Task to carry out> Copy exactly the lines of the material below that fall between the line with "Below the two" and the line with "And then I also", both of those lines included; pictures stay out.

• • • • • • •

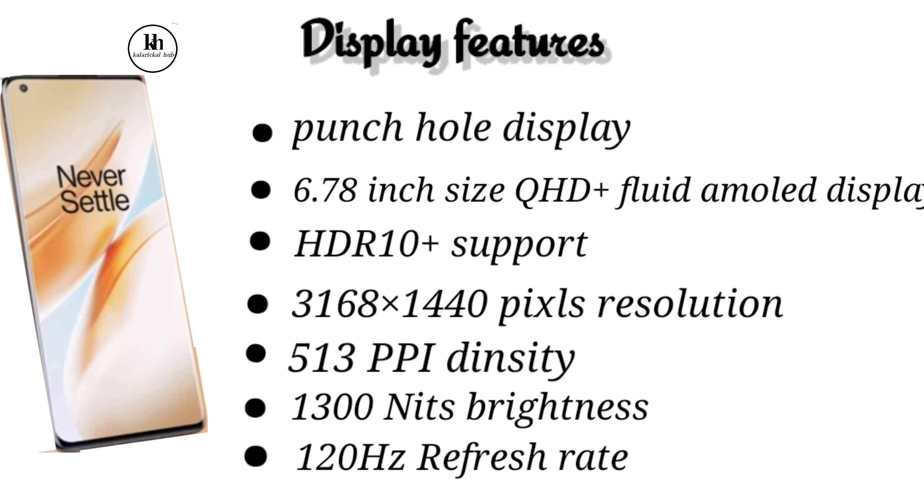The OnePlus 8 Pro has a punch hole display. Display size is 6.78 inches, QHD Plus AMOLED display, HDR10 Plus support, 3168x1440 pixel resolution, display density of 513 pixels per inch, and 6300 nits brightness.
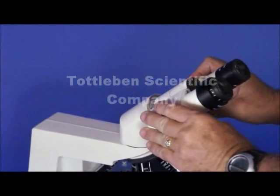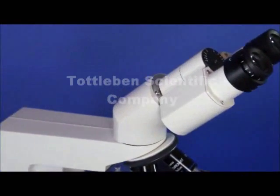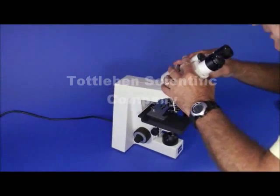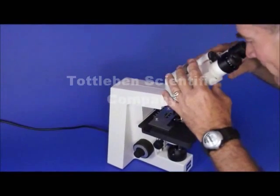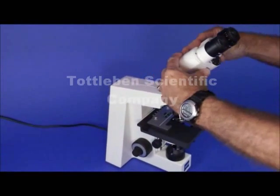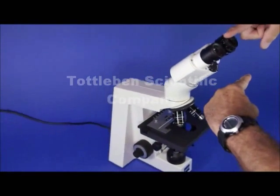An inclinable head gives you a lot of extra height for people who have different torso lengths. If you want to sit down but find that the height is too low for this microscope, you just turn it around and you've got all this extra increase in height.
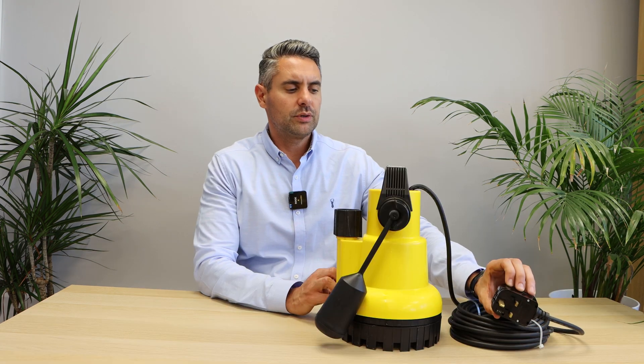Thirdly, what is your power supply? Is it 110 volts or 230 volts? 110 would be for a construction site or commercial use, whereas 230 volt would be for residential use with a household plug.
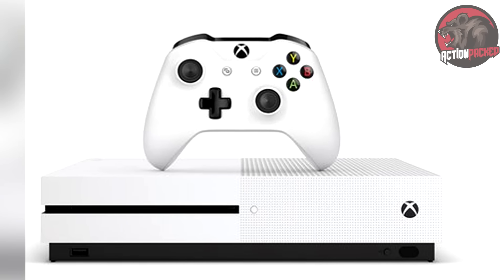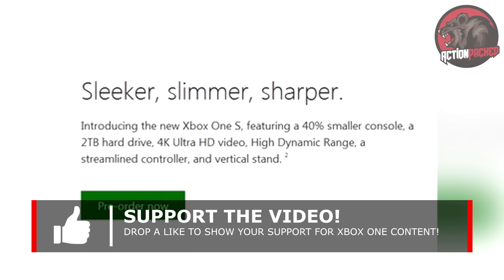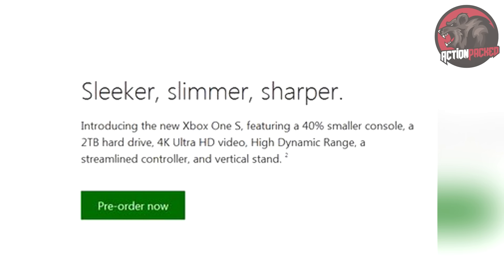It says here: sleeker, slimmer, sharper. Introducing the new Xbox One S featuring a 40% smaller console, a 2 terabyte hard drive, 4K Ultra HD video support, and high dynamic range. It also says here a streamlined controller and a vertical stand.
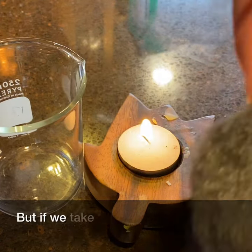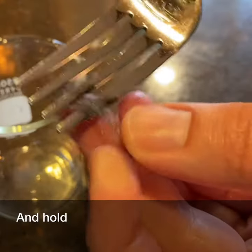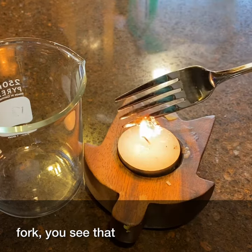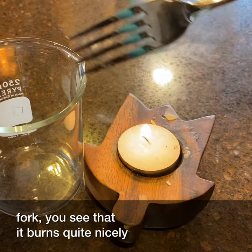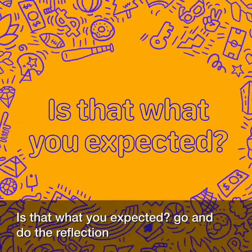But if we take this very fine steel wool and hold it over the candle using the fork, you see that it burns quite nicely and brightly. Is that what you expected? Go and do the reflection questions now.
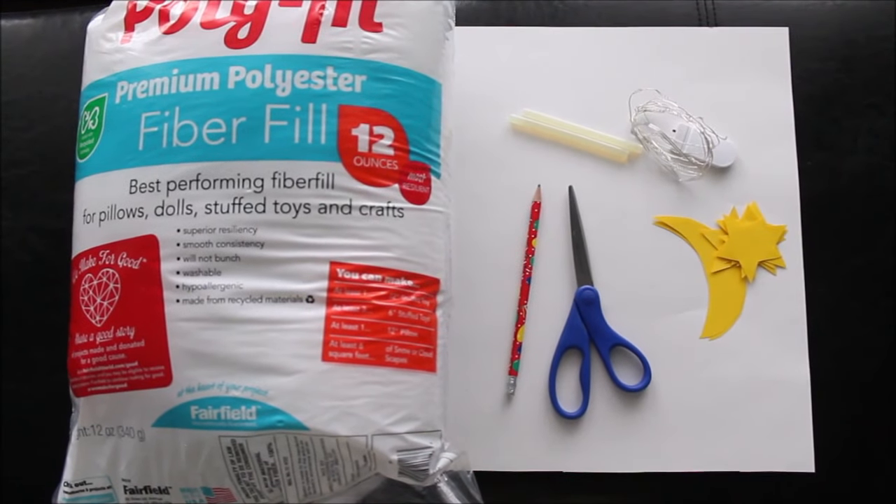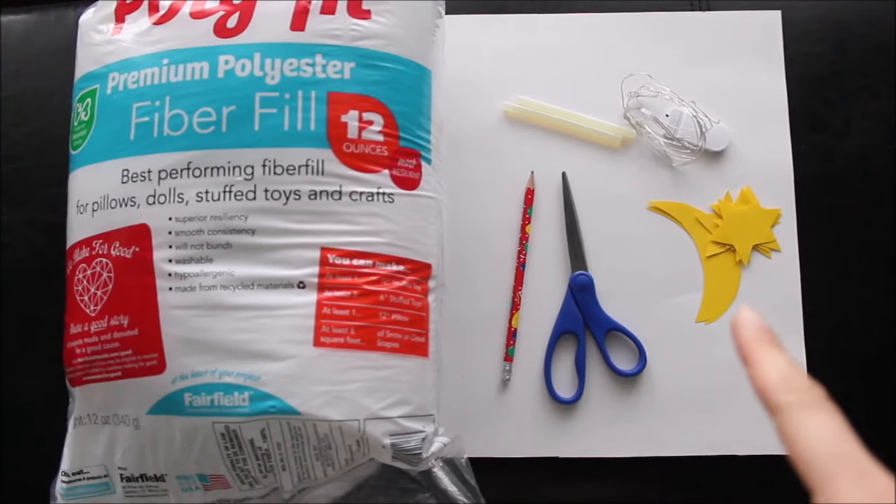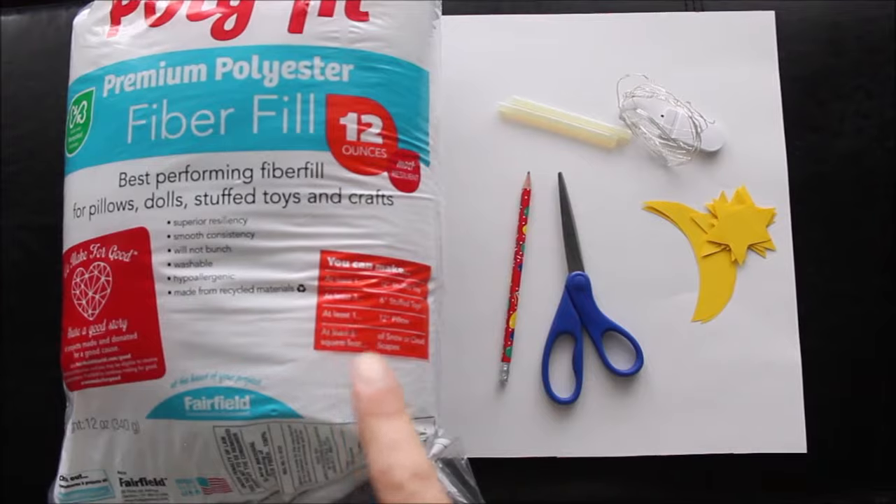A very cute and very affordable centerpiece. You will need a white poster board, moon stars, fairy lights, a glue gun, scissors, and any pillow or toy filler. For my cloud centerpieces, I've already done two of them and I need one more. I took a big poster board full size, folded and cut it in half, so this is half of a poster board. Now all you need is to trace cloud shapes.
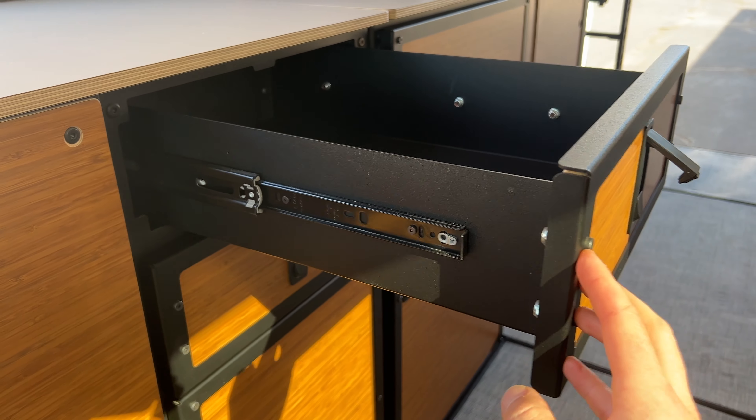Below the two drawers you have one big door — just a big open cavity for storage, so you can put whatever you like in there. Next to the drawer unit is the shelf unit, and this one is huge. It has one big door and an adjustable shelf, so depending on what you want to put in there you can move the shelf up and down. It's really flexible — toiletries fit great in there.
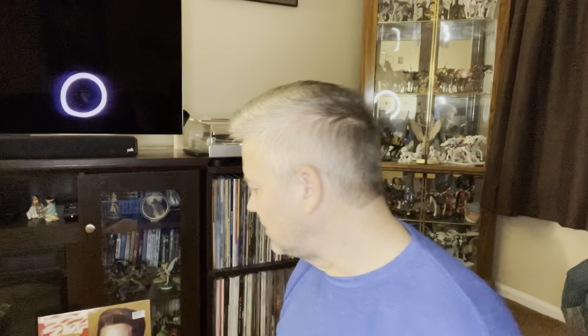And then I also got Elvis Las Vegas '74. Really excited to get this and add it to the FTD collection.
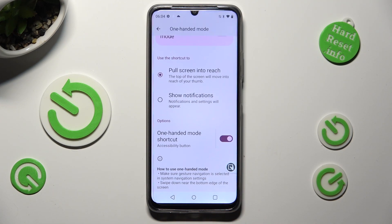If you want to deactivate it completely, select the same switcher next to it.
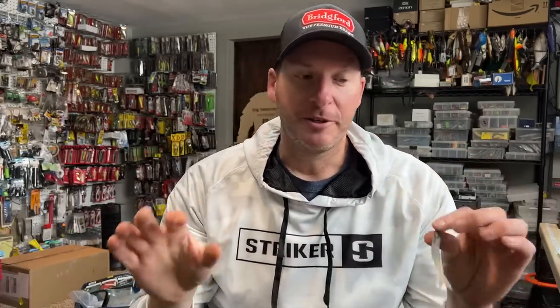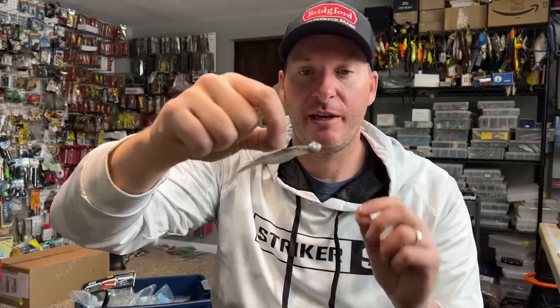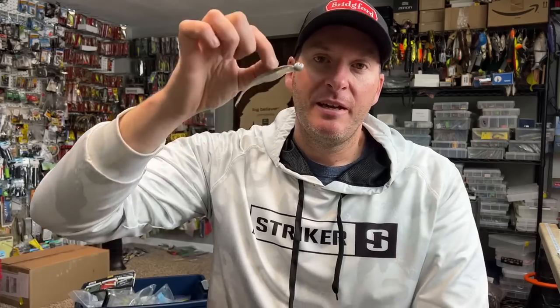Let's talk about the bait itself. There are two main key parts to a Domeki rig. The first is you need a relatively heavy jig head that has a 90-degree line tie. The 90-degree line tie is the important part because you're fishing this bait vertical. With a 90-degree line tie, your bait will sit horizontal in the water column, just like this. If you go with a 60 or a 30 degree, it'll sit more diagonal to even vertical in the water — and that's not what you want at all.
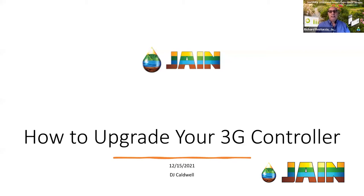Welcome and thank you for joining us for another episode of the Jane Irrigation Training Series. I'm Richard Rastusha, your host and Vice President of Water Management Solutions for Jane Irrigation. Today we're going to be talking about how to upgrade your 3G controller to 4G. This is so important because we are having a technology change from the cellular companies, and our controllers, as well as others' controllers, alarm companies, and water meters — it's really changing the way people are going to have to conduct business going forward.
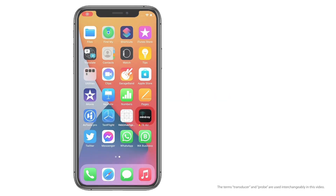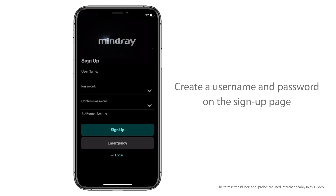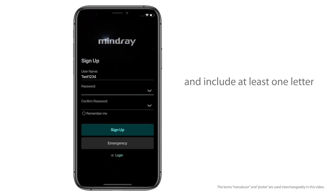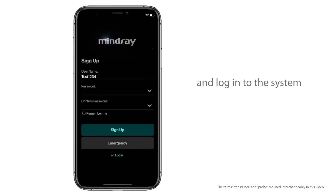Signing up for an account: Open the app and press Sign up for a new account. Create a username and password on the signup page. The length should be between 8 and 16 characters and include at least one letter. The password can only be letters and numbers. Press Sign up to create a new account and log in to the system.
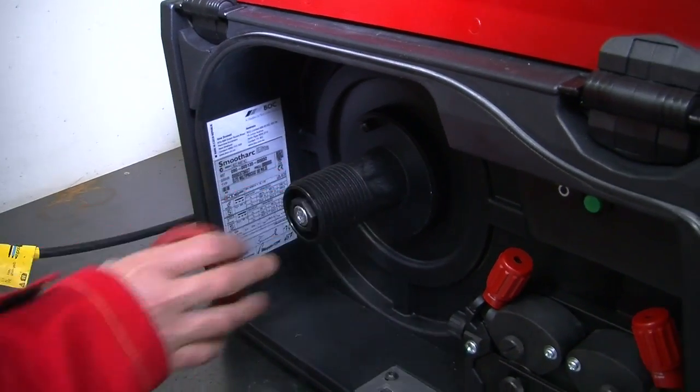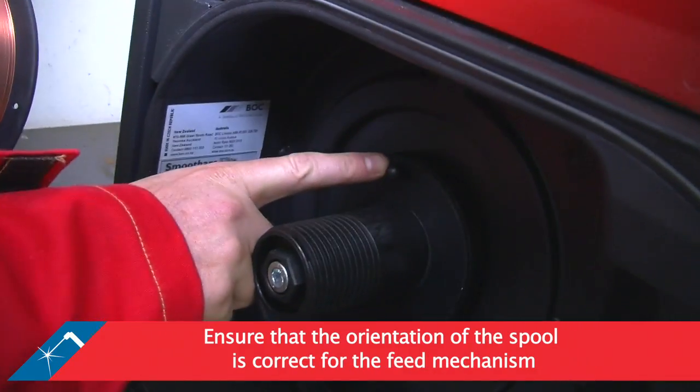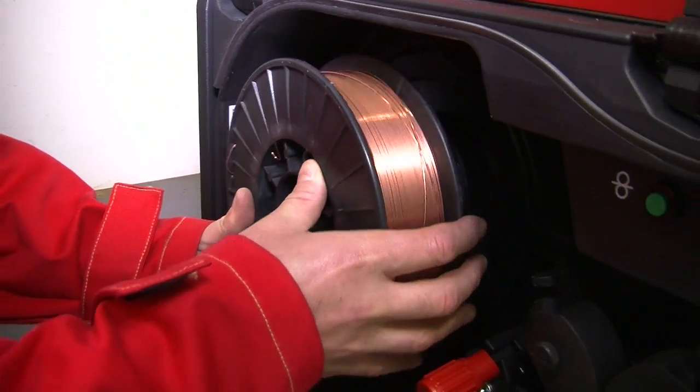Remove the retaining nut on the spool hub. Ensure that the orientation of the spool is correct for the feed mechanism. Fit the spool onto the hub, ensuring that the spool is locked into the locating pin.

• • • • • • •

Answer to this exercise>
Below the two drawers you have one big door — just a big open cavity for storage, so you can put whatever you like in there. Next to the drawer unit is the shelf unit, and this one is huge. It has one big door and an adjustable shelf, so depending on what you want to put in there you can move the shelf up and down. It's really flexible — toiletries fit great in there.
And then I also got Elvis Las Vegas '74. Really excited to get this and add it to the FTD collection.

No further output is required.